# Your assignment
Could you reproduce the lines below from the one with "Modern kitchen with" through the one with "A picture of Pumpkin soup served with bread."? Keep both ends and add nothing.

# Input records
_ _ _ _
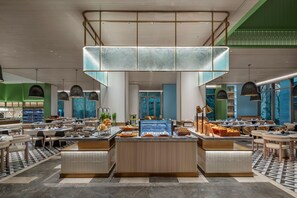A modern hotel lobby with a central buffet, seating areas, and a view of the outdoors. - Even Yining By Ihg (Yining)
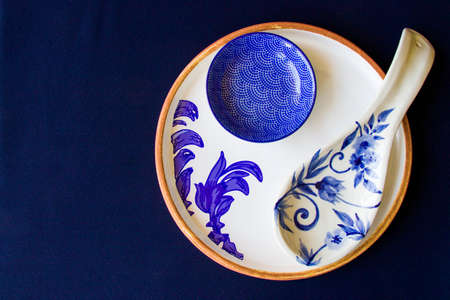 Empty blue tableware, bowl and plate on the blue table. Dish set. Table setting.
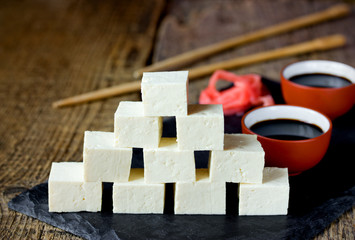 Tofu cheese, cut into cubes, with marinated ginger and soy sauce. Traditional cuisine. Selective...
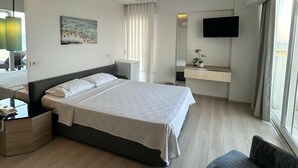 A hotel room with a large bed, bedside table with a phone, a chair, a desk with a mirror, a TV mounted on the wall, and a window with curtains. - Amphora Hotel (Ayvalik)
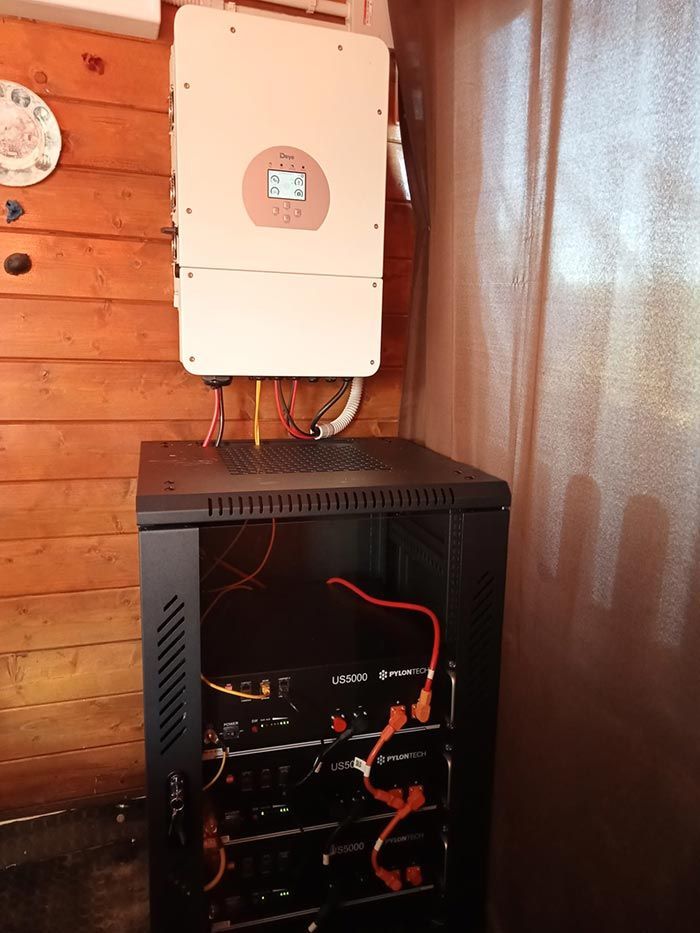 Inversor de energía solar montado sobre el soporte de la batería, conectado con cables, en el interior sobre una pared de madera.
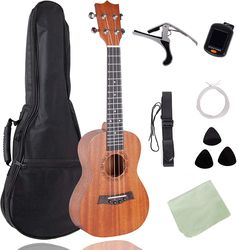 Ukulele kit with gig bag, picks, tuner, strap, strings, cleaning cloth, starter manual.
_ _ _ _
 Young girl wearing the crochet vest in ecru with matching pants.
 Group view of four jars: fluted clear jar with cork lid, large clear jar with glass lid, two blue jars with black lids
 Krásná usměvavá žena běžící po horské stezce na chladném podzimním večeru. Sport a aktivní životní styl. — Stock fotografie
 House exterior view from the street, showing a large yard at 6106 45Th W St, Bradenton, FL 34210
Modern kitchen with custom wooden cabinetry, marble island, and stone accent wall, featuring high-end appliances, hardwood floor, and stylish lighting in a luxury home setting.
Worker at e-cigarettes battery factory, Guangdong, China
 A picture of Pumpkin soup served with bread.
_ _ _ _
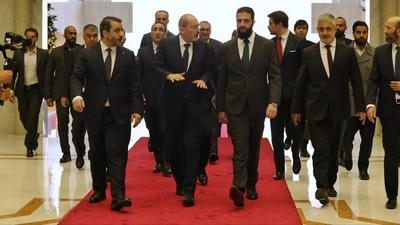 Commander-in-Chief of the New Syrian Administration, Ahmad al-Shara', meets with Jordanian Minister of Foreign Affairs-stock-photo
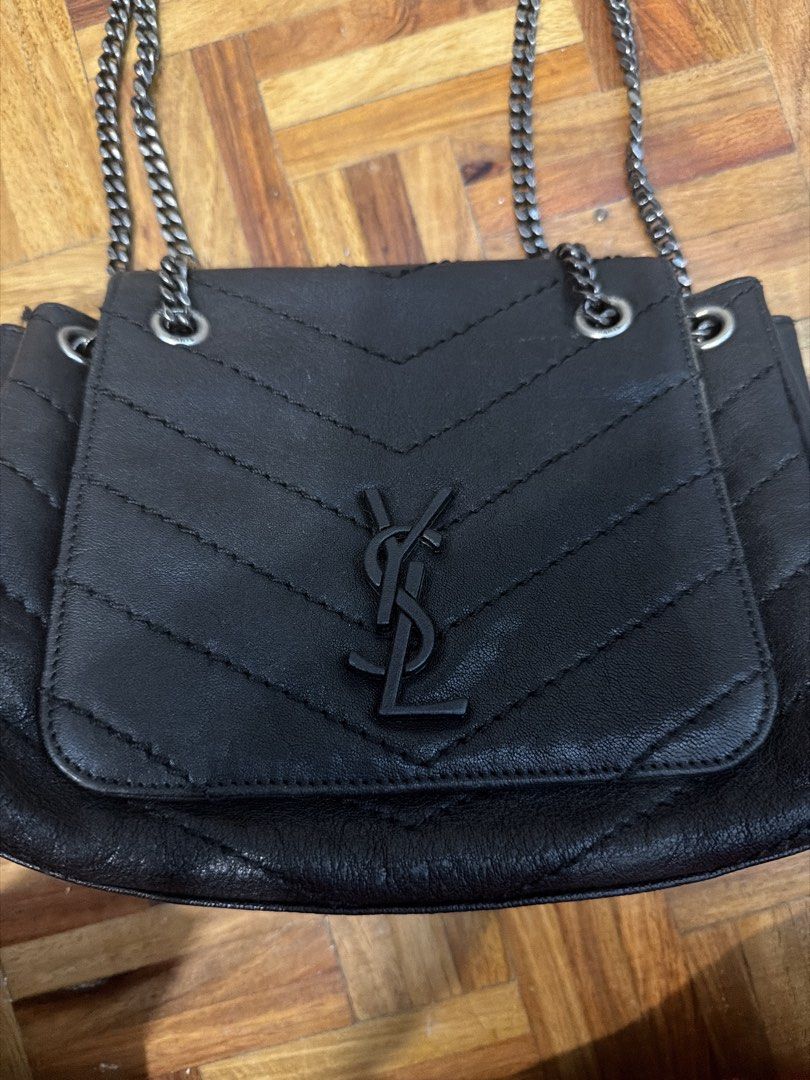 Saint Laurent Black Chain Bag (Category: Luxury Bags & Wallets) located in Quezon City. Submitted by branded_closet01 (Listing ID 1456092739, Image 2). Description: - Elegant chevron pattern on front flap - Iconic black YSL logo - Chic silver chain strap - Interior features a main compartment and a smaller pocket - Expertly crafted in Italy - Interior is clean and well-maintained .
_ _ _ _
# Result of the exercise
Modern kitchen with custom wooden cabinetry, marble island, and stone accent wall, featuring high-end appliances, hardwood floor, and stylish lighting in a luxury home setting.
Worker at e-cigarettes battery factory, Guangdong, China
 A picture of Pumpkin soup served with bread.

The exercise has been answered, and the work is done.